_What is required_
Please give all of the data again, character for character, and drop the pictures.

══════════

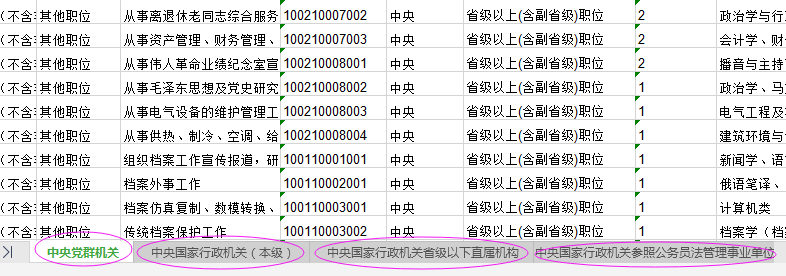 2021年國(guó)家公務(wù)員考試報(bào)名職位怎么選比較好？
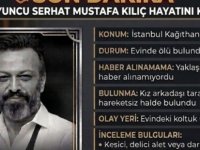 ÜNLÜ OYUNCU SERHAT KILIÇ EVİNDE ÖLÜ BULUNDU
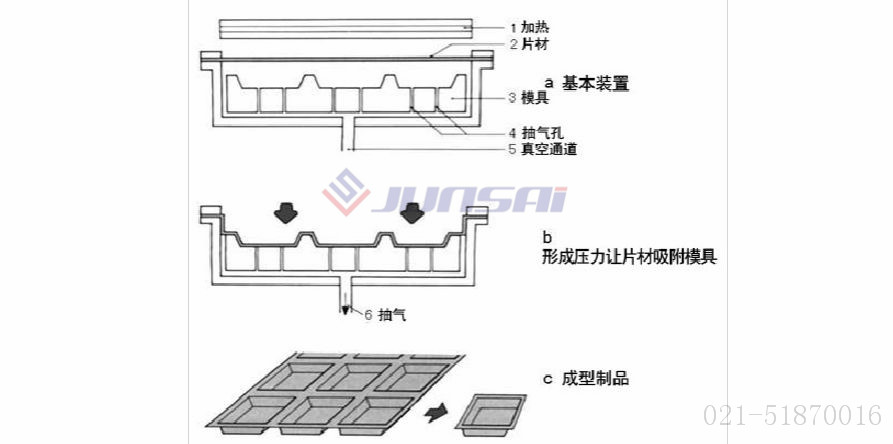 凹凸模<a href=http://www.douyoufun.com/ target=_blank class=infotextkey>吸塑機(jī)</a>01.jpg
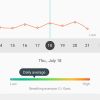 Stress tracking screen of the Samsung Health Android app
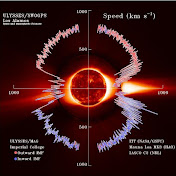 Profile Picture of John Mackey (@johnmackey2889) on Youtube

══════════

_Answer to this exercise_
 2021年國(guó)家公務(wù)員考試報(bào)名職位怎么選比較好？
 ÜNLÜ OYUNCU SERHAT KILIÇ EVİNDE ÖLÜ BULUNDU
 凹凸模<a href=http://www.douyoufun.com/ target=_blank class=infotextkey>吸塑機(jī)</a>01.jpg
 Stress tracking screen of the Samsung Health Android app
 Profile Picture of John Mackey (@johnmackey2889) on Youtube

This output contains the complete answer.